CFT Assistant Director Cynthia Brame is one of those colleagues who loves her field—and I think you can tell from her recommendation:

I always use summer as time to catch up on my reading and to give me new ideas or new energy for the upcoming year. In that light, I recommend the National Academies’ Discipline-Based Education Research: Understanding and Improving Learning in Undergraduate Science and Engineering. (Yes, I know, I’m a nerd.) This compendium summarizes research on improving students’ conceptual understanding in science and engineering as well as the data on various strategies to do so, clearly characterizing the strength of those findings. The report also identifies emerging research areas, such as understanding how to assess and promote the transfer of knowledge and skills. Probably not a book for the beach, but definitely food for thought.

CFT Graduate Teaching Fellow Adam Wilsman describes his discovery of what may become an “epicenter” for him as well, reminding us that books on what Lee Shulman calls “pedagogical content knowledge” (1987, p. 8) can be equally inspiring to us:

This summer, I am reading a number of books on pedagogy in preparation for my new history teaching job, which will begin in the late summer.  This past year, I didn’t teach any history courses, but by this time in August, I will be teaching four, and on subjects outside of my discipline. Thus, it’s important that I read some great works that might help me to get into the right mindset.  For that, Sam Wineburg’s 2001 work, Historical Thinking and Other Unnatural Acts: Charting the Future of Teaching the Past, has been wonderful.
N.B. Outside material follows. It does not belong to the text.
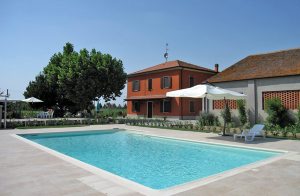  Fritliggende, renoveret landhus i fladt, landbrugsområde omgivet af opdyrkede marker. Poolen ligger 20 m fra huset. Pavillon med møbler. Man kommer til boligen ad en 250 m lang ikke asfalteret vej, ...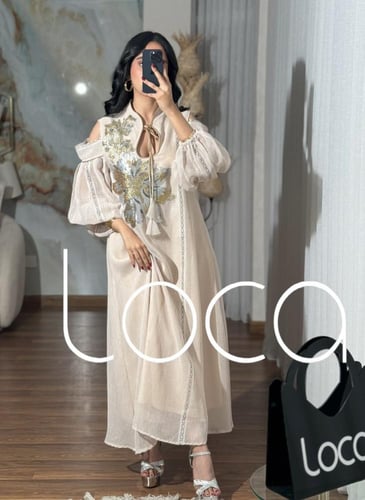 جلابية باللون البيج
Wineburg’s work, while over ten years old, remains a must-read for all history educators, from college teachers to elementary school teachers and everyone in-between.  In his work, Wineburg grapples with the big issues in history education that transcend frequent debates about what historians ought to teach.  To Wineburg, the important question to answer is why we teach history.  And what knowledge and skills do historians possess that ought to be shared and promoted in our classrooms?  Throughout Historical Thinking and Other Unnatural Acts, Wineburg shares a rich array of fresh and actionable answers to these questions.  What results is an excellent and trusted source for any history teacher—and better yet, it’s a book that I wouldn’t be ashamed to bring to the beach.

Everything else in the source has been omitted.